EXERCISE DESCRIPTION: Every line of the data below is to be given again as it appears, with the images removed.

THE DATA:
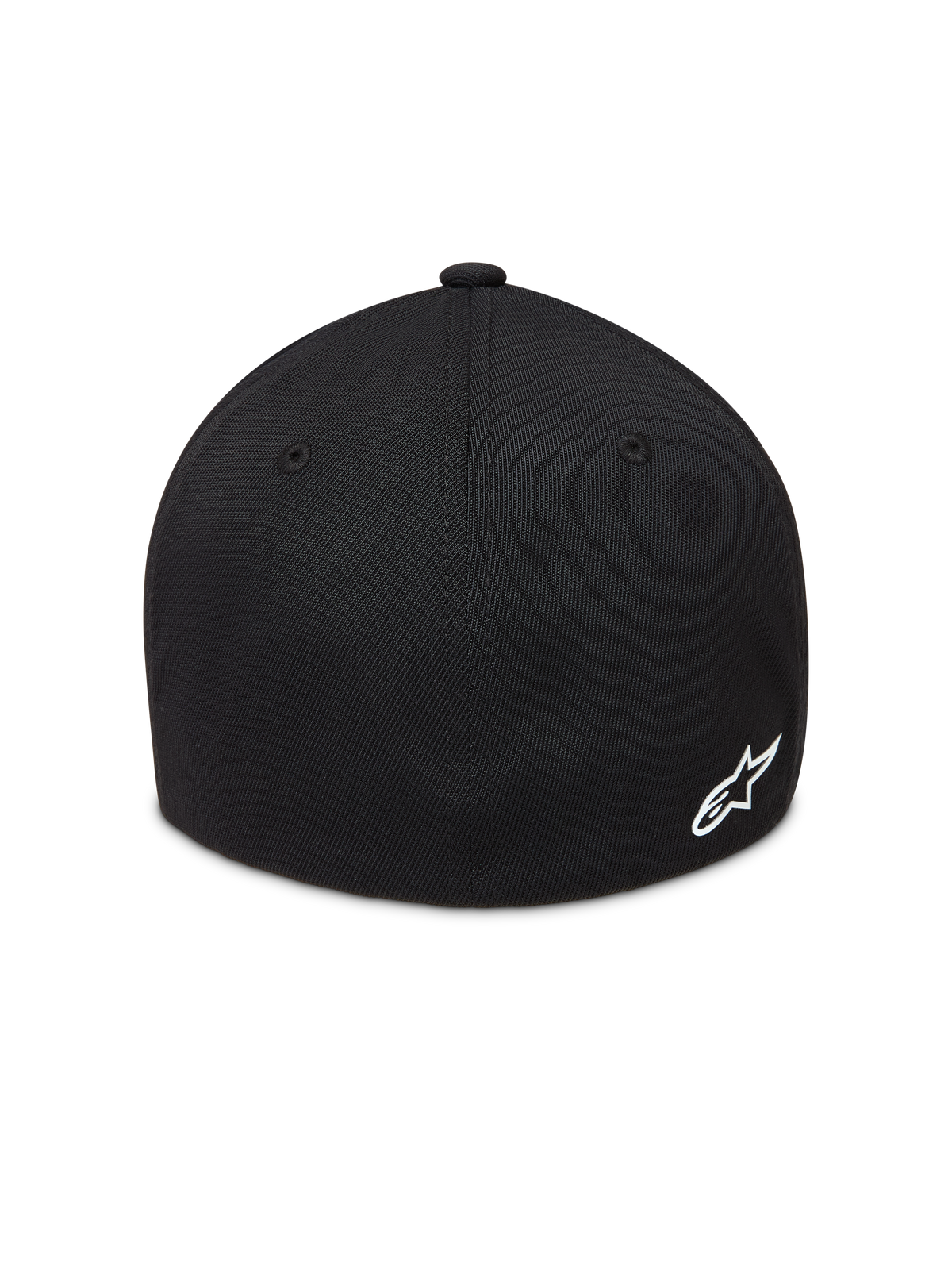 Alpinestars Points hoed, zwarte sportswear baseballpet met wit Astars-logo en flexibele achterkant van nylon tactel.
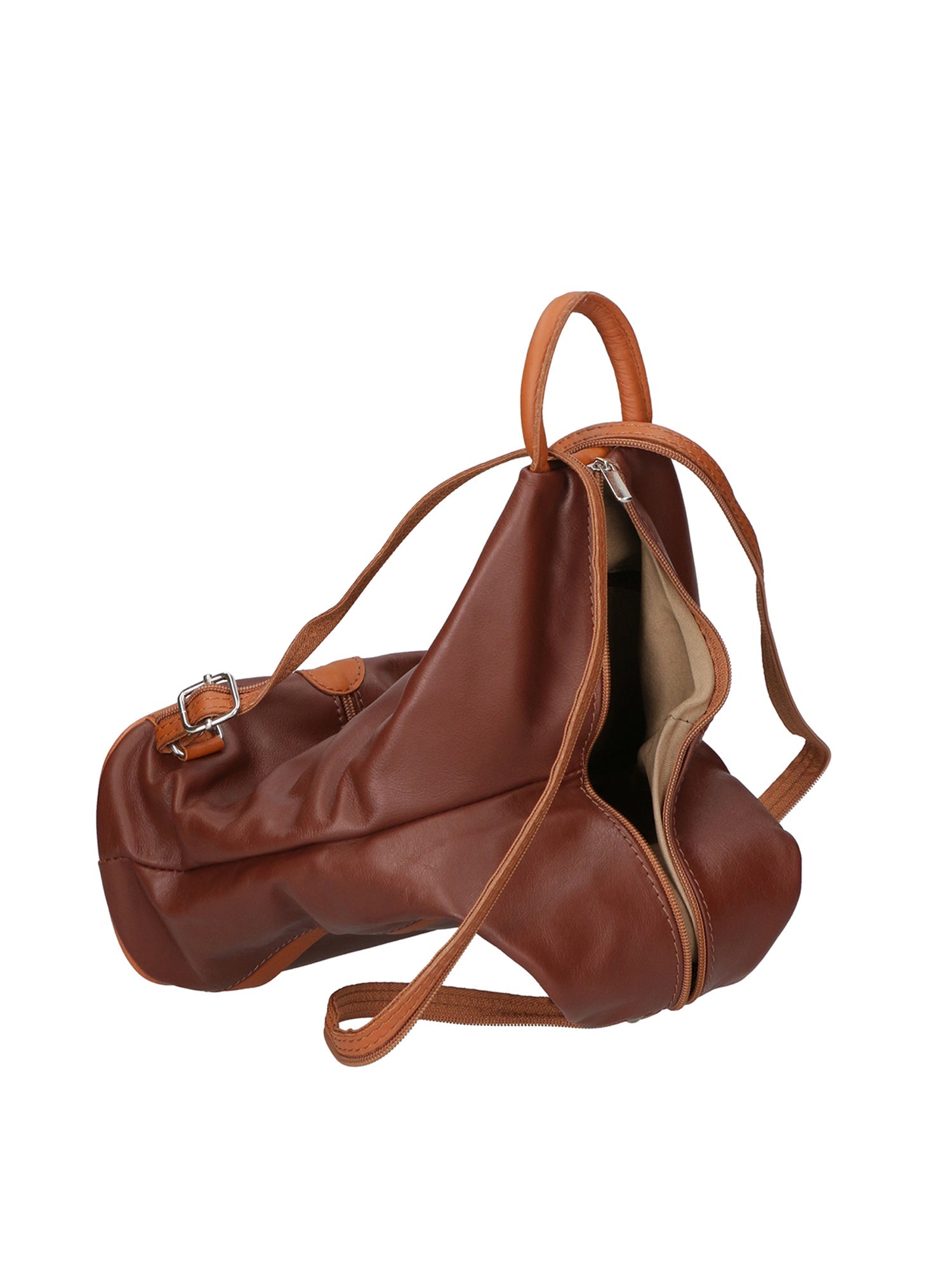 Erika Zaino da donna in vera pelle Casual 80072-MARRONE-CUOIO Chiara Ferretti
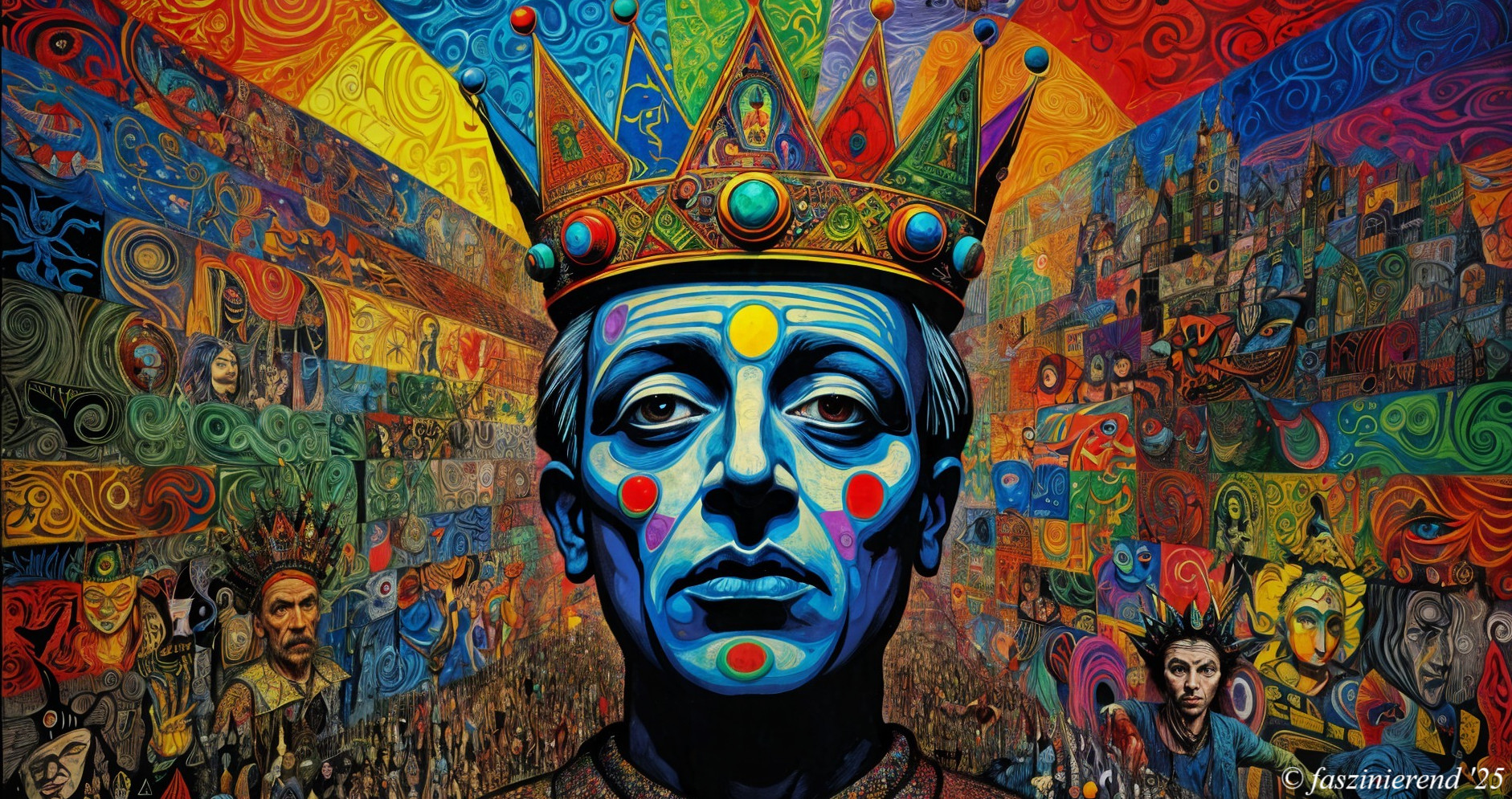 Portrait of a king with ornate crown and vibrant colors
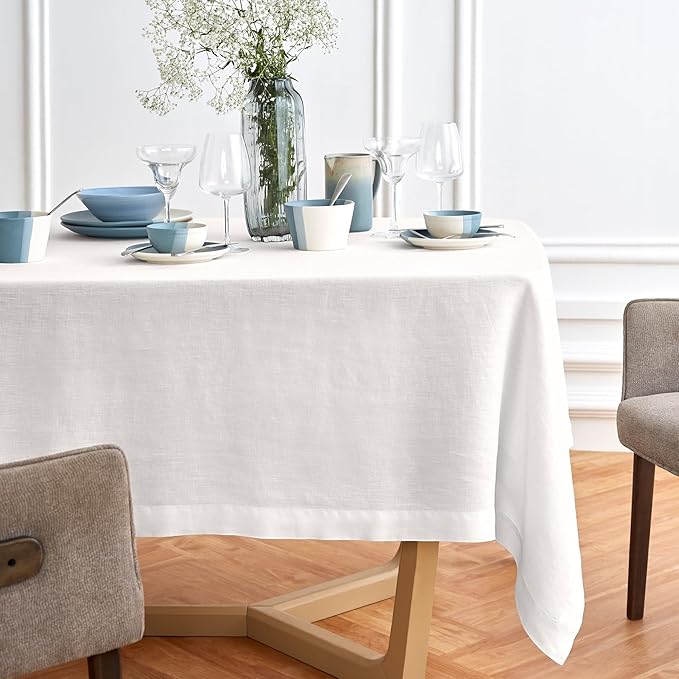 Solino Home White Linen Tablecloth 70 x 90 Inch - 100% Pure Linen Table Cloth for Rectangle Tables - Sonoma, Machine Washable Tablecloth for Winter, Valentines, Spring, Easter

EXERCISE ANSWER:
 Alpinestars Points hoed, zwarte sportswear baseballpet met wit Astars-logo en flexibele achterkant van nylon tactel.
 Erika Zaino da donna in vera pelle Casual 80072-MARRONE-CUOIO Chiara Ferretti
 Portrait of a king with ornate crown and vibrant colors
 Solino Home White Linen Tablecloth 70 x 90 Inch - 100% Pure Linen Table Cloth for Rectangle Tables - Sonoma, Machine Washable Tablecloth for Winter, Valentines, Spring, Easter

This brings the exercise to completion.